By Helen Regan, Ibrahim Dahman and Amy Cassidy, CNN

(CNN) — A growing number of children in Gaza are dying of starvation and dehydration, according to the World Health Organization and Palestinian officials, amid desperate conditions due to Israel’s throttling of aid and destruction of the besieged enclave — reinforcing the urgency of this week’s ceasefire talks.

A WHO team found “severe levels of malnutrition, children dying of starvation, serious shortages of fuel, food and medical supplies, hospital buildings destroyed,” during a recent visit to the Al-Awda and Kamal Adwan hospitals in northern Gaza, WHO Director-General Tedros Adhanom Ghebreyesus said on X Monday.

Tedros appealed to Israel to ensure the safe and regular delivery of humanitarian aid and for a halt to the fighting.

Negotiators gathered in the Egyptian capital Cairo on Sunday for talks on a Israel-Hamas ceasefire deal and release of hostages from Gaza, but Israel did not send a delegation, an Israeli official told CNN, despite increasing international pressure to end hostilities and allow for a desperately needed surge of humanitarian aid.

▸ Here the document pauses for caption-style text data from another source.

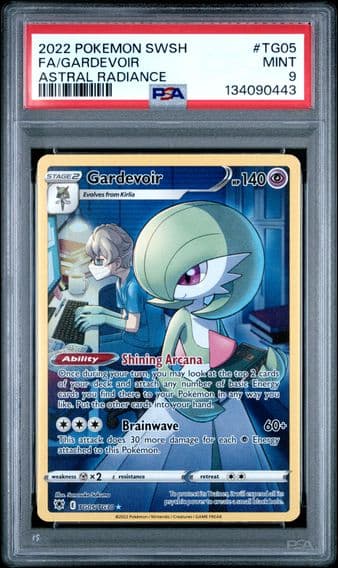 2022 #TG05 Full Art/Gardevoir PSA 9 Sword & Shield Astral Radiance Pokemon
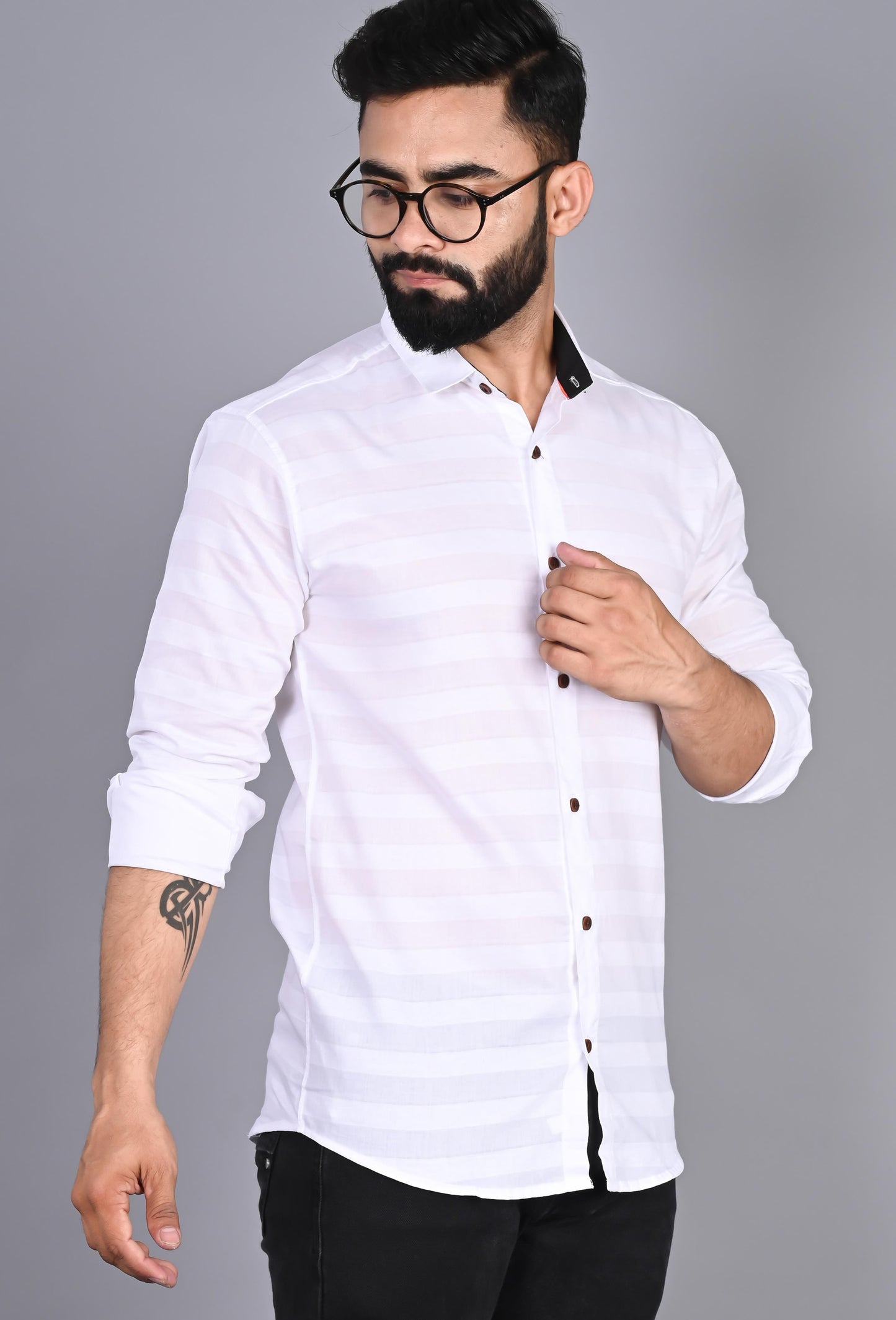 Men Striped Casual Shirt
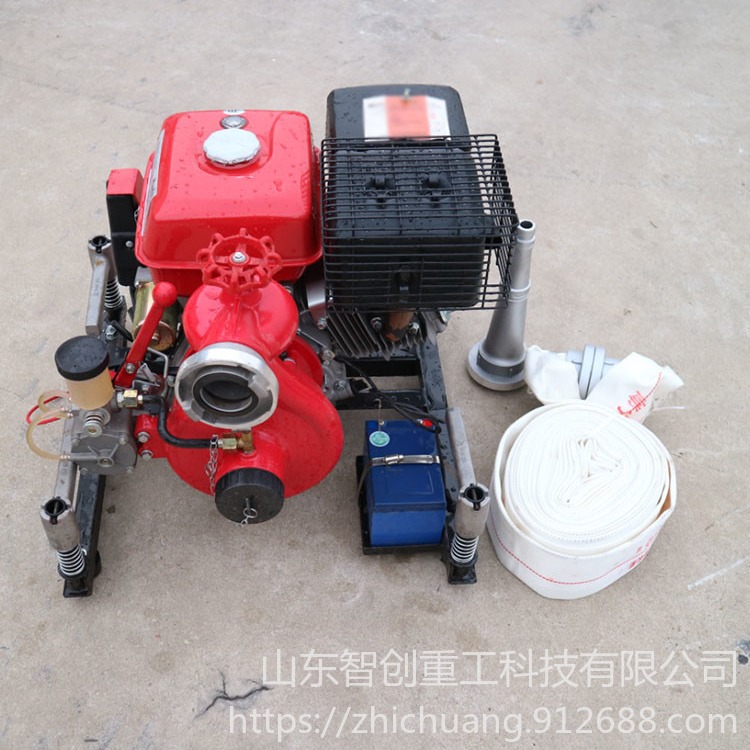 智创ZC-1 1  直销手抬式机动泵 多功能消防器材泵组 柴油机动泵消防工程机械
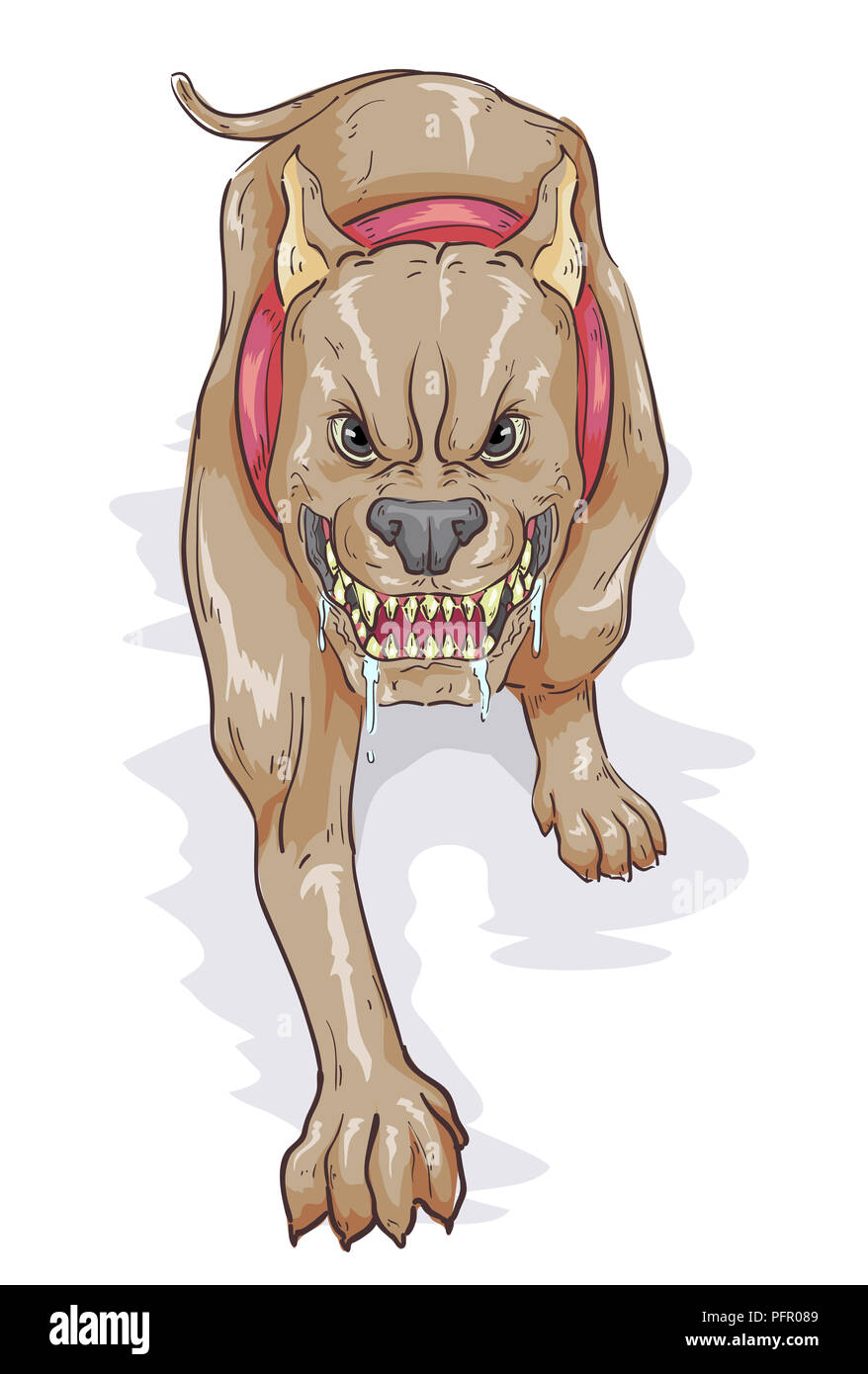 Aggressive dog cartoon hi-res stock photography and images - Alamy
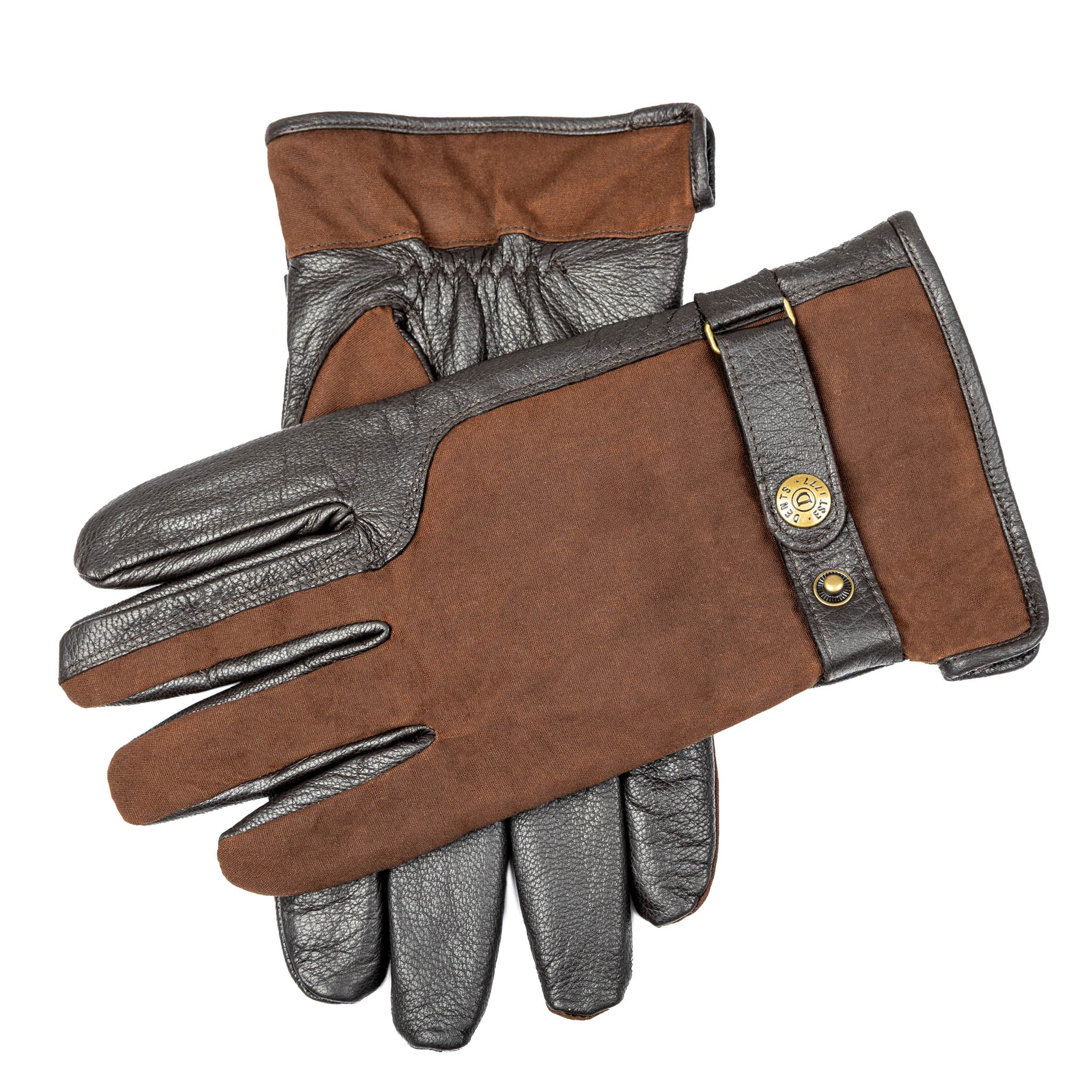DENTS Crewkerne Men's Water-Resistant Thinsulate-Lined Imitation Deerskin Leather Gloves with Waxed Cotton - Image 9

The official said the reason was that Hamas had not responded to two Israeli demands: a list of Israeli hostages specifying which are alive and which are dead; and confirmation of the ratio of Palestinian prisoners to be released from Israeli prisons, in exchange for the hostages taken when Hamas militants attacked communities in southern Israel on October 7.

The militant group wants a permanent end to fighting before agreeing to release hostages, a Hamas source told CNN as a Hamas delegation arrived in Cairo on Sunday. However, a high-ranking Hamas official did not immediately respond to a CNN question about whether the militant group had responded to Israel’s conditions.

It comes as the United States is increasingly vocal about the humanitarian catastrophe in Gaza, where the United Nations warns hundreds of thousands of people are on the brink of famine and US ally Israel continues to obstruct the bulk of aid deliveries.

On Saturday, the US made its first humanitarian airdrop into the strip — 66 bundles containing meals but no water or medical supplies, a US official said. Aid groups have criticized the air drops as an ineffective and degrading way to get aid to Palestinians in Gaza, with the International Crisis Group’s UN director saying they are at best a “temporary Band-Aid measure.”

One of the strongest rebukes of Israel by a US official to date came from US Vice President Kamala Harris, who on Sunday forcefully called for more humanitarian aid into Gaza, saying that people in the region are “starving” in the face of “inhumane” conditions and urged Israel to do more.

She called for an “immediate ceasefire for at least the next six weeks,” a proposal currently on the negotiating table, and urged Hamas to free Israeli hostages.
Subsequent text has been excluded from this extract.